08 外見も年下ですが、中身も年下でありました
「逆鱗、でござりましょうか?」
「ああ」
でも彼は見たところ、ちょっと小生意気な普通の幼児だ。
一体どんな呪いが……と考える。
実は姫が王子に変えられたのかと思ったが、名前はレーヴィットとあまり女性的な響きではない。それに、こんな尊大な態度の姫君なんて嫌だ。
あと考えられるのは、見た目は子供、中身は大人というあれだ。幼児らしくない物言いや態度は王族だからかと思った。
幼児らしくない表情。
あ……。
中身と外見が合っていない?
「殿下は……おいくつでございますか?」
わたしの質問に、殿下は面白そうに目を細める。ほら、やっぱり子供の表情じゃない。
「お前の目では、いくつに見える?」
「外見……拝見しましたところ、御年四歳か五歳くらいで、ござりましょうか?」
「今年で十五歳になる」
「え、うそっ! 若っ!」
わたしの反応が予想外だったのか、殿下は冷やかな笑みを浮かべる。
「うそ、若い、とは? お前の方が年上とでもいうのか?」
「はい! わたし、いえわたくしめは今年で十六歳になりまする」
本当にわたしの方が年下だと思っていたらしい。殿下は瞠目すると、呻くように呟いた。
「……ずいぶんと童顔なのだな。まだ童かと思ったぞ」
なんか悔しそうだ。わたしの方が年上だったのが悔しいとか?
なんでも自分が上でいたいのかなあ……困ったお坊っちゃまだ。なんておくびにも出さず、にっこりと殿下に笑顔を向ける。

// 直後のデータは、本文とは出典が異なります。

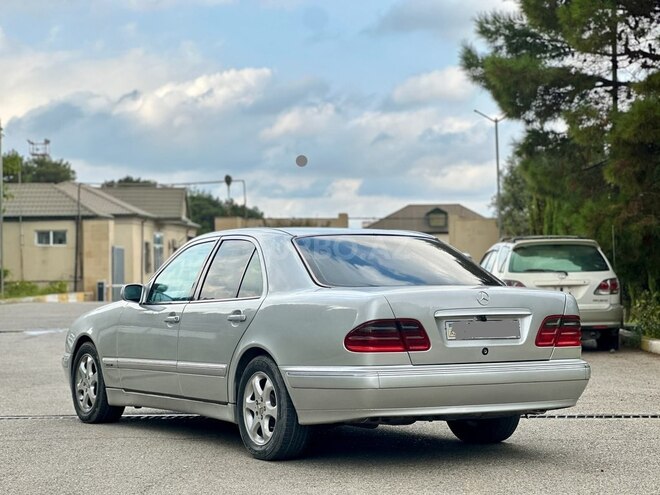 Mercedes E 270 2000, 338,000 km - 2.7 l - Bakı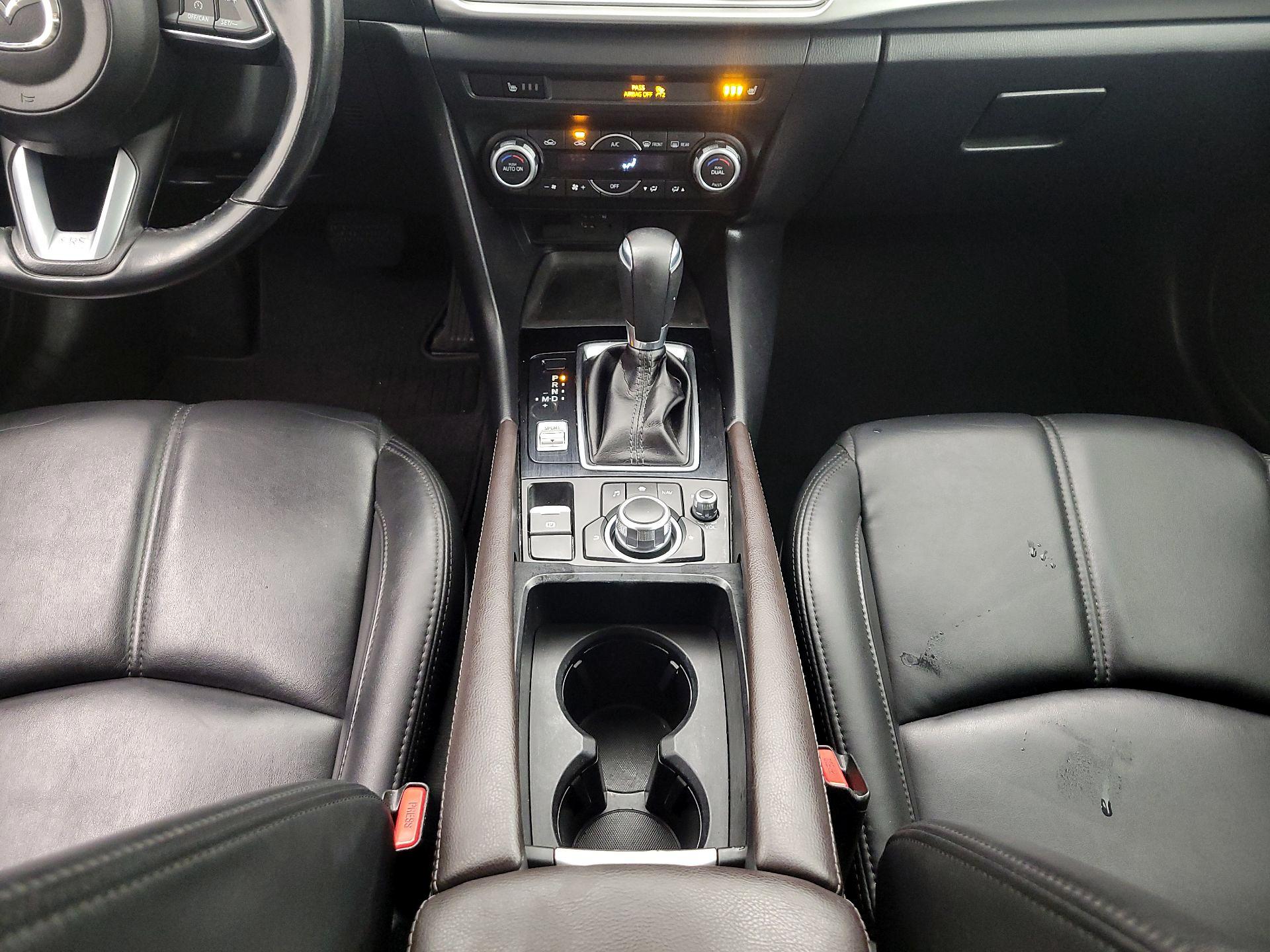 Thumbnail: 2018 Mazda Mazda3 - 17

「標準的だとは思いますが、日本人、わたしの国の者は世界的にも幼く見えるそうでございまするよ」
「ほお……」
「念のためお聞きしたいのですが」
よいですかね? という視線を向けてみる。
「申せ」
「この国の方々はとっても長生きで、成長が遅いってわけではございませんですよね?」
「基準はわからぬが、長生きをしてもせいぜい百年程度だ。成長速度は、むしろお前よりも早いと思うが?」
そっか。じゃあ年下でも、殿下の方が年上に見えるってことか。あーよかった。こんな尊大な態度の幼児なんて嫌だし。
「つまり、リーアさんを怒らせてしまったがために、小さくされてしまわれたということで、よろしいでござりましょうか?」
殿下とリーアさんの顔を交互に見る。殿下は否定も肯定もしないということは、その通りってことでよさそうだ。
でも意外だ。あの態度のせいが大きいとは思うけど、殿下って年上かと思っていた。まさか年下だとはね。
「なんだ。そのおかしな顔は」
あら、殿下ってば失礼極まりないですね。
「はい。殿下が見た目通りのお年ではなくて、良かったと思っておりますでございます」
「……ほお」
冷ややかに片眉を上げて、ガンを飛ばしてくる。
ほら、すでに反応が可愛くない。
「して、お前は呪いが解けぬ理由はわかるのか?」
「はい、まあ……」
なんとなく、リーアさんの気持ちがわかった気がします。